Draghi can continue to govern

Mario Draghi's not switching posts to become president is good news for Italy, writes Handelsblatt's Rome correspondent Christoph Wermke:

“Italy is still in the midst of its fourth Covid wave. Its industry is groaning under pressure of high energy prices and needs state support if recovery is not to be jeopardised. On top of that, the next tranche of aid billions from Brussels will soon arrive. These funds must be invested sensibly - and not allowed to seep away into the bureaucratic machinery or even the hands of the Mafia.

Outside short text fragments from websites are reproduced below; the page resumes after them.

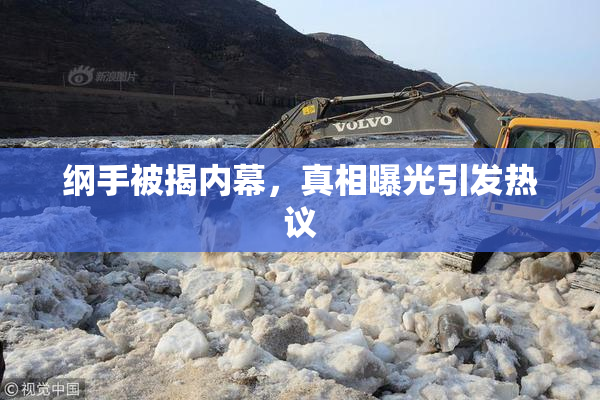 纲手被揭内幕，真相曝光引发热议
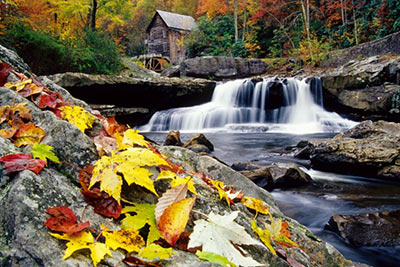 Autumn Leaves at Glade Creek Mill by Gary Thompson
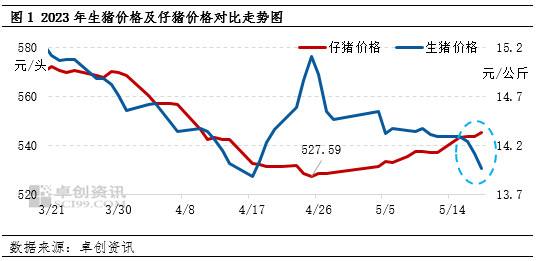 卓创资讯：5月仔猪价格“逆势上涨” 6月份或再涨难度加大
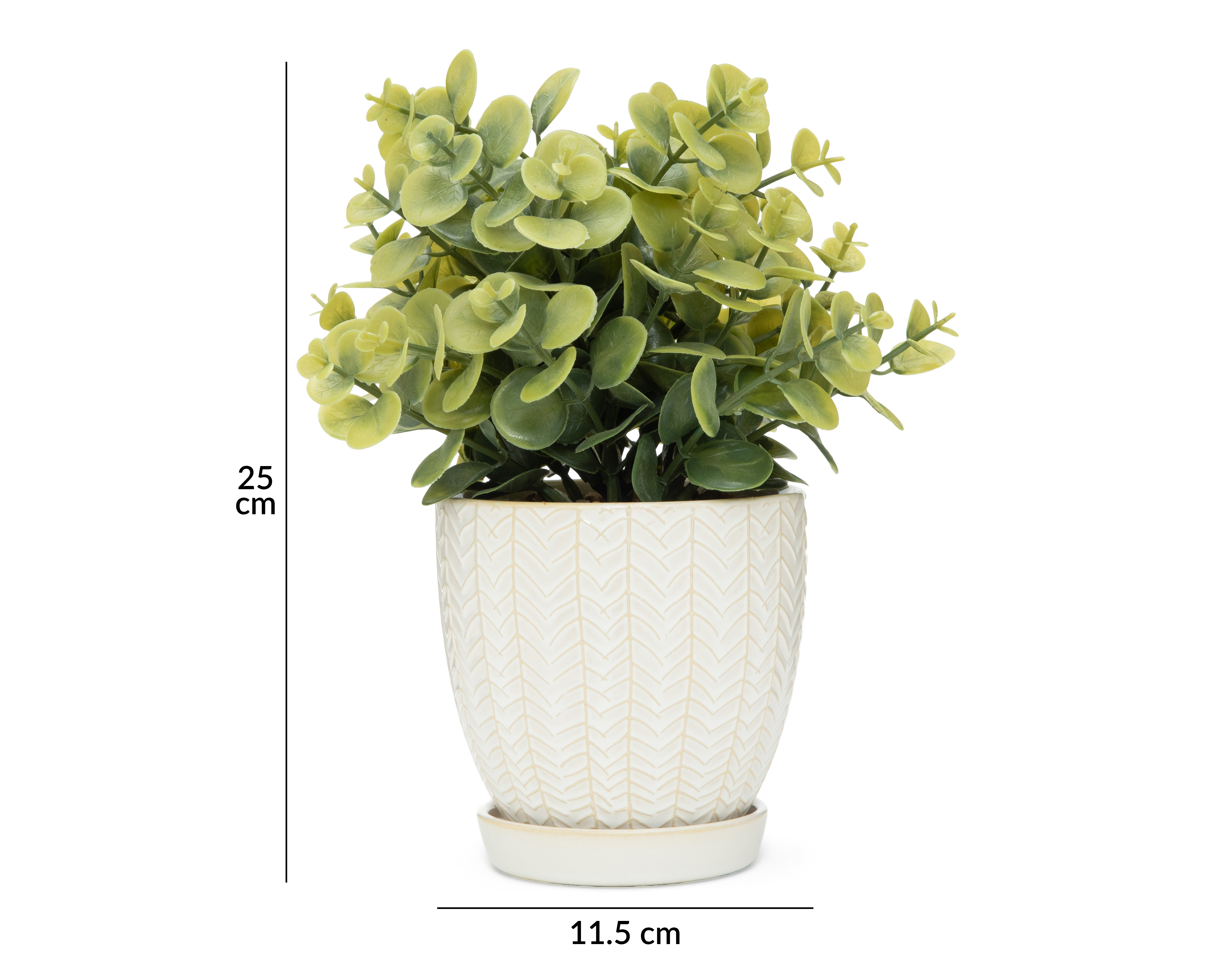 Foto 5 | Foto 5 | Eucalipto Artificial con Maceta Starhaus 25 cm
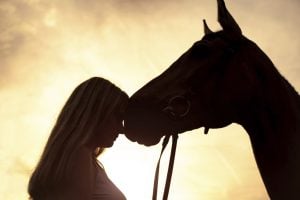 horse love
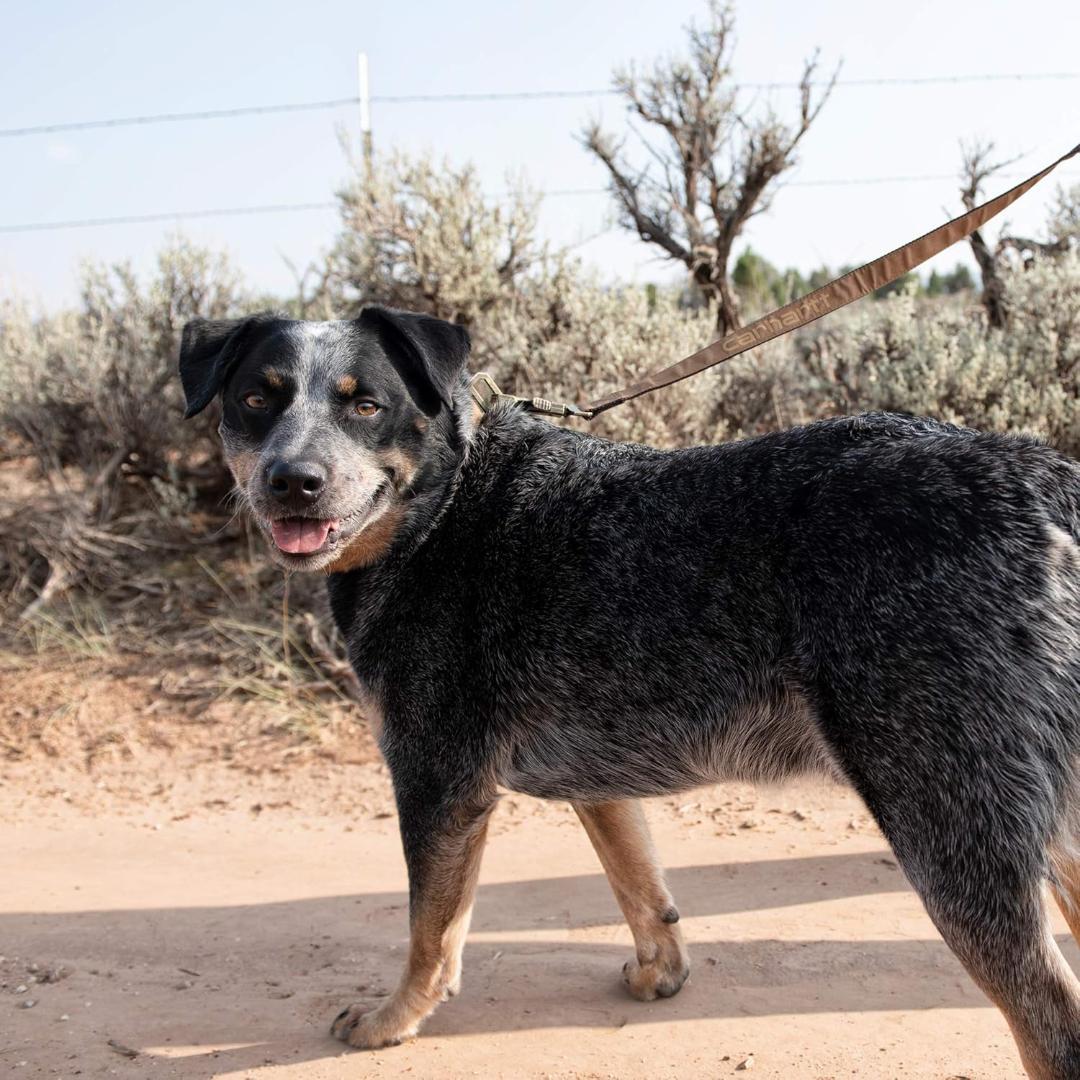 【NEW】Carhartt カーハート リード【L】＆首輪【M】赤ワイン 中型犬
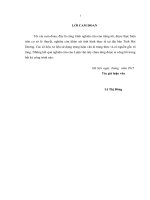 Luận văn thạc sỹ kinh tế Chính sách thu hút vốn đầu tư  nước ngoài của tỉnh Hải Dương giai đoạn 20102020.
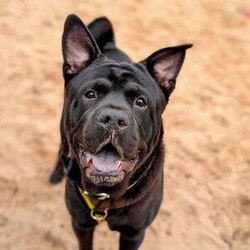 Rocco/Crossbreed/Male/6 - 12 months,This gorgeous boy is Rocco. He is a 9 month old Crossbreed looking for his forever home. He can live with anther dog, pending a successful meet at the centre and can live with children 11+ years old, as long as they are confident with big dogs. Rocco is lacking in confidence a little bit in kennels and therefore can be initially a little worried meeting new people but does get over it quite quickly. He can be left alone for a couple of hours and is already housetrained!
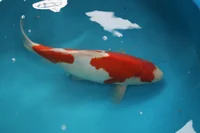 Large koi carp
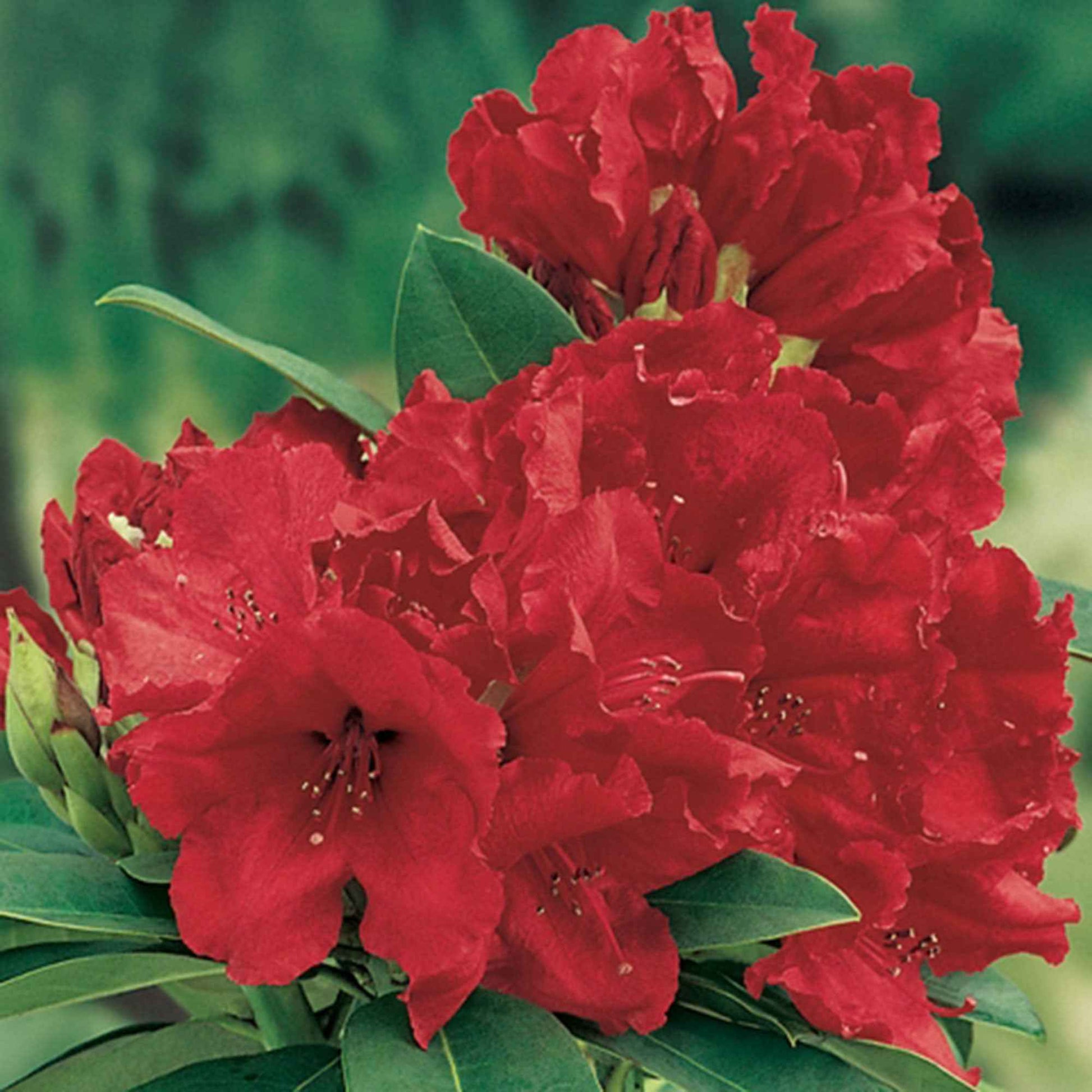 Rhododendron 'Red Jack' rouge sur tige - Arbustes de Balcon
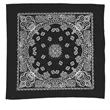 Garyline® 22" Bandana with Stock Paisley Pattern | https://www.bestnamebadges.com
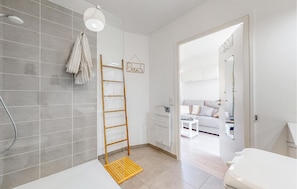 Shower, hair dryer
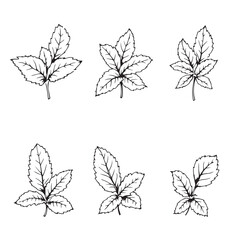 Obraz premium Elegant Mint Leaf Vector Line Art Design Idea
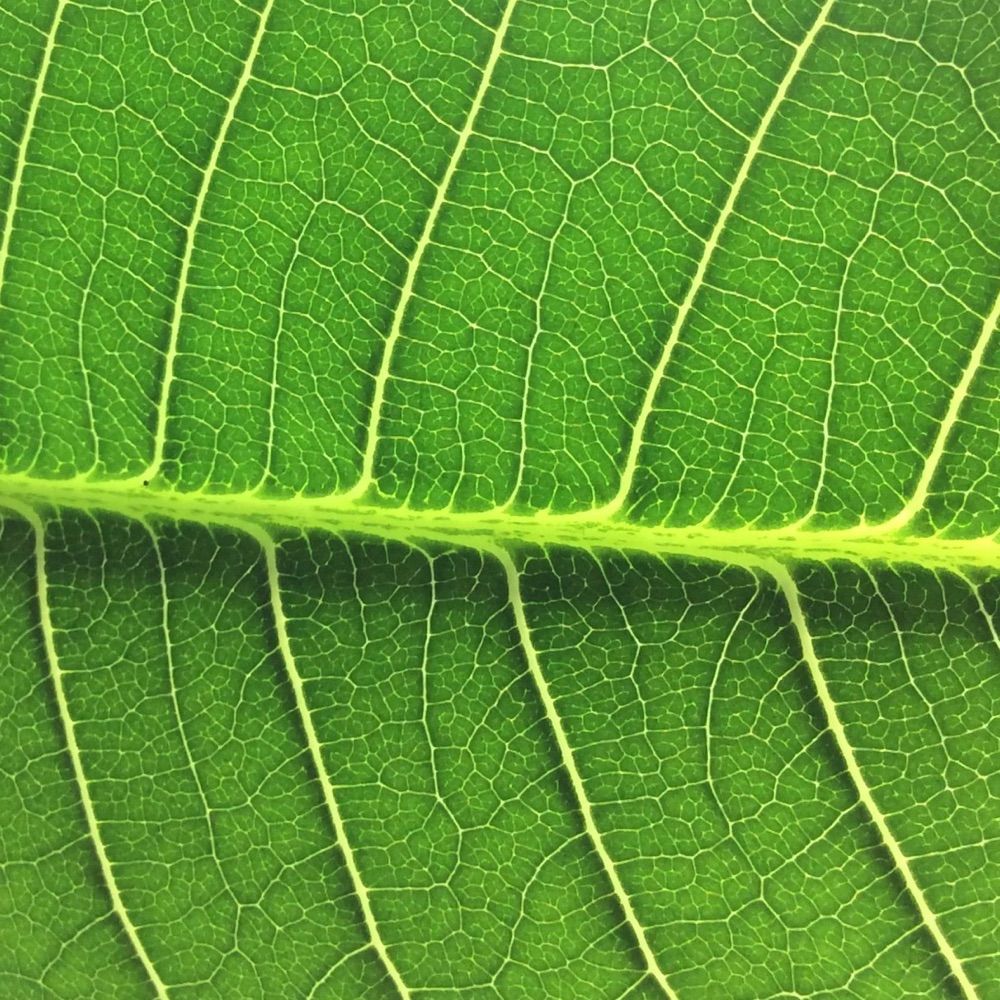 LeafLight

The government must continue to initiate reforms, for example of the complicated tax system. ... In his year in office Draghi has proven that he can govern the country and cares little about party politics ... . He should make good use of the time he has.”

Financial Times (GB) /

Election farce bolsters the far right

The fact that the parties in the government coalition were unable to agree on a common candidate will benefit the Fratelli d'Italia, the Financial Times comments:

“Amid these self-interested calculations, one party is charting a distinctive path - the far-right Brothers of Italy, led by Giorgia Meloni. It is the only major party that refused to join Draghi's government, and opinion polls show that it is at present the most popular party on the rightwing side of the political spectrum. Italy may be scarcely a year away from deciding whether to install its first radical right prime minister of the postwar era.”